Transcribe exactly, please, the line bearing "Building Photo - 1 Franklin St" and all later lines through the end of the records, with the pictures left out.

━━━ Records for processing ━━━

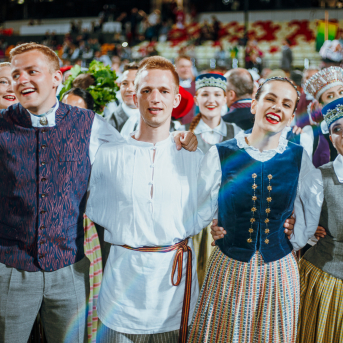 Deju lieluzvedums "Mūžīgais dzinējs" - Baltas ietrīsas mūsu sirdis no visa tā skaistuma, kas piedzīvots. Mums kopā, svinot latvietību, izdevies radīt neaizmirstamus Svētkus. Jo svētki esam mēs paši un cilvēki mums apkārt. Foto: Artūrs Vanags un Ilmārs Znotiņš, Jānis Pipars un Jānis Romanovskis (Latvijas Nacionālā kultūras centra arhīvs)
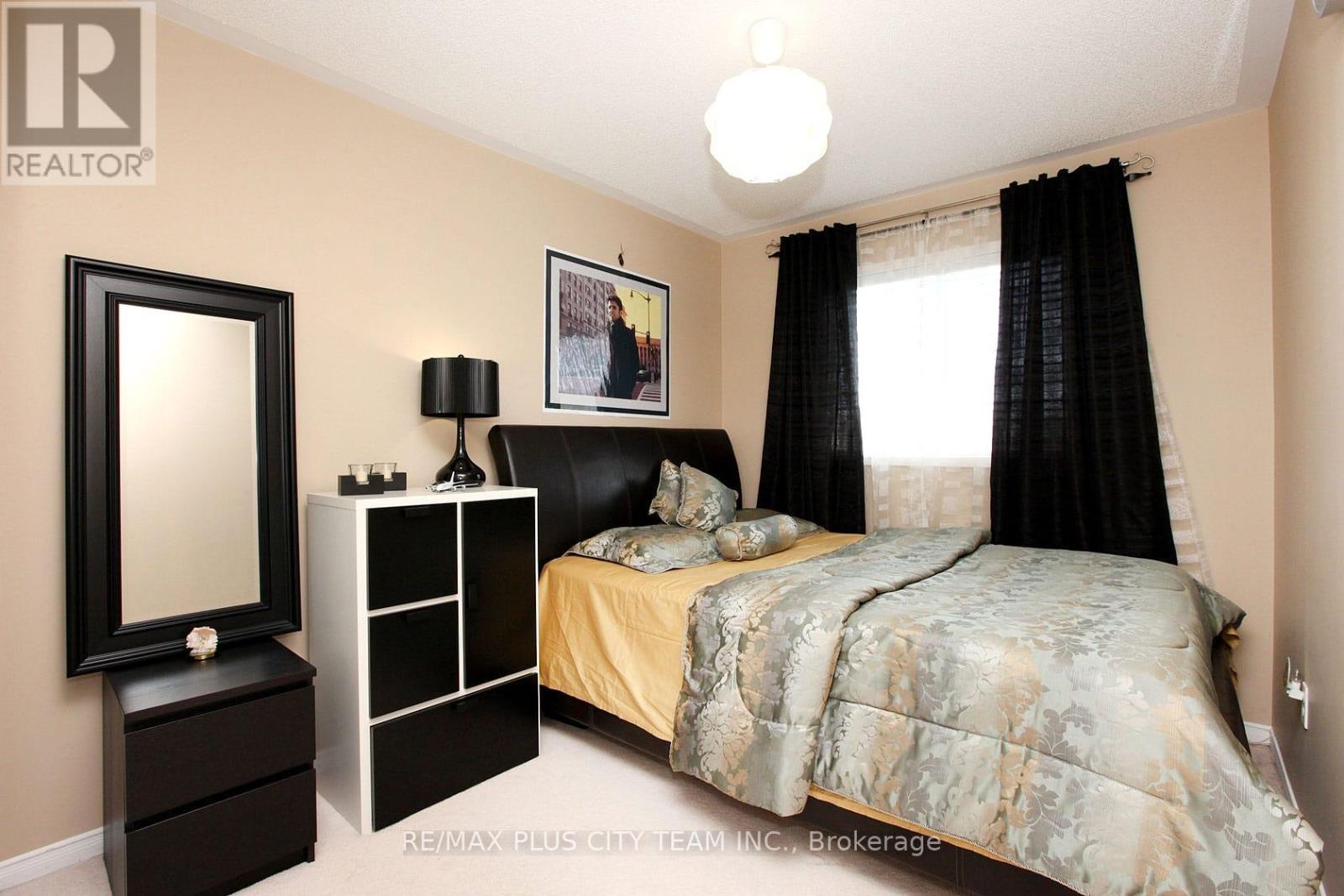 37 Ancestor Drive, Brampton, Ontario  L6X 4Y4 - Photo 5 - W13736478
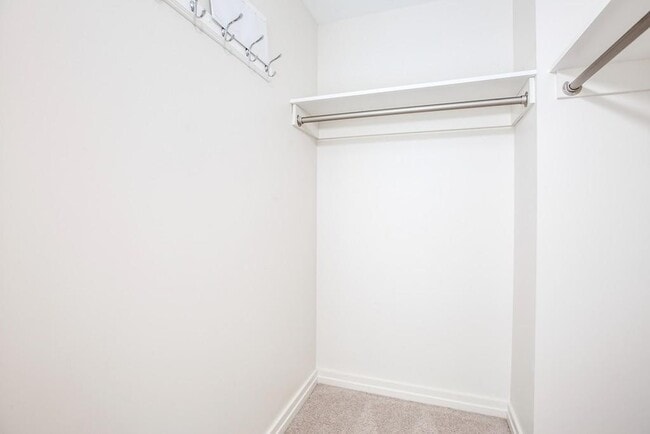 Building Photo - 1 Franklin St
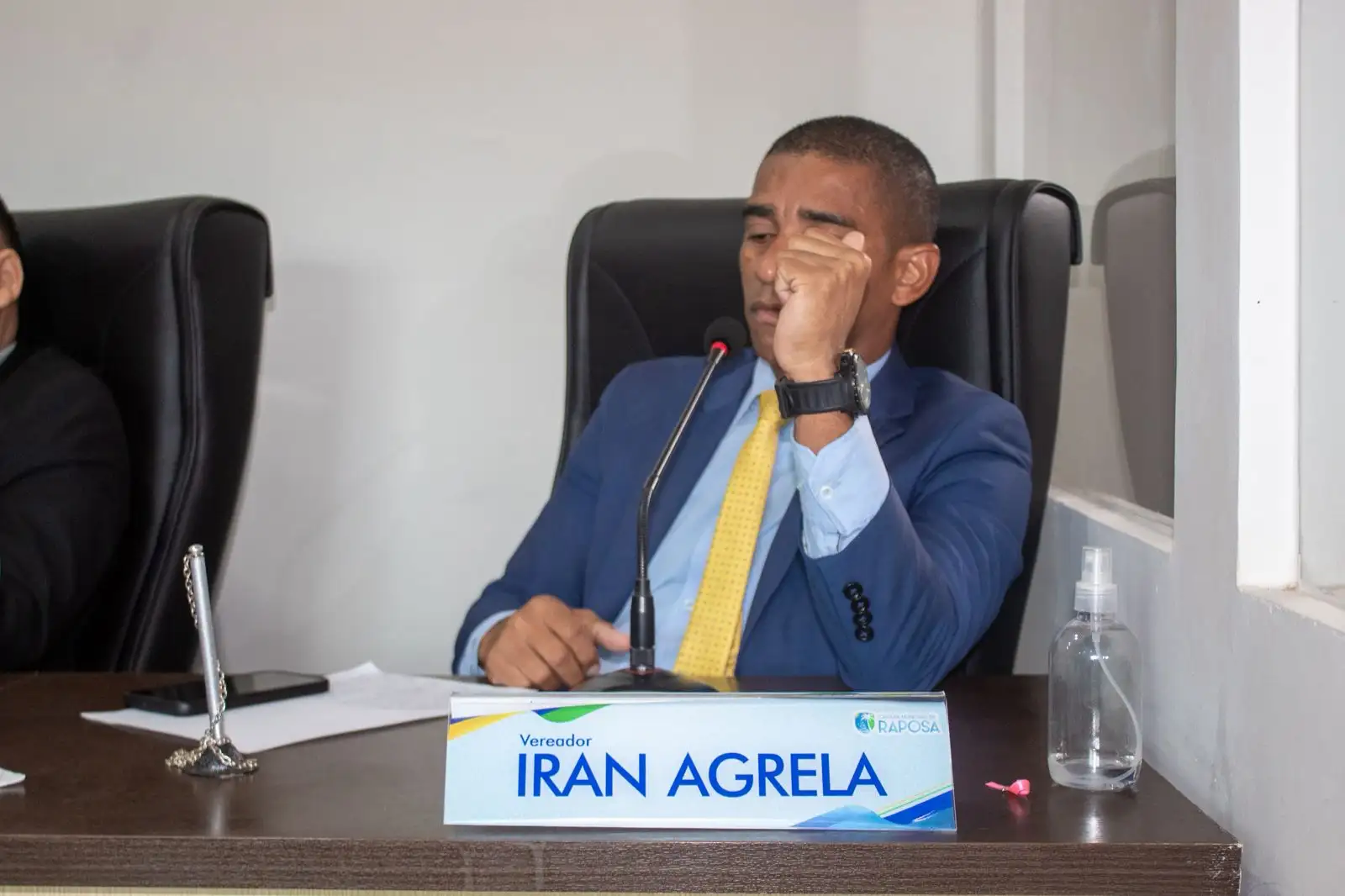 O vereador Iran Agrela solicita construção de arenas esportivas na Vila Boa Esperança e no Residencial Pirâmide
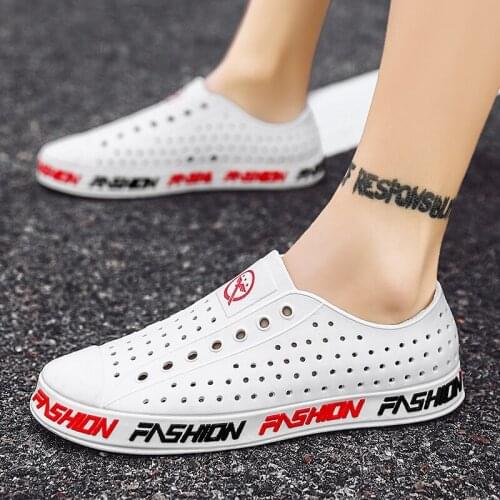 2020 summer mens sandals couple beach shoes breathable and comfortable mesh flat slippers mens Baotou hole shoes large 36-45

━━━

#### Your response
 Building Photo - 1 Franklin St
 O vereador Iran Agrela solicita construção de arenas esportivas na Vila Boa Esperança e no Residencial Pirâmide
 2020 summer mens sandals couple beach shoes breathable and comfortable mesh flat slippers mens Baotou hole shoes large 36-45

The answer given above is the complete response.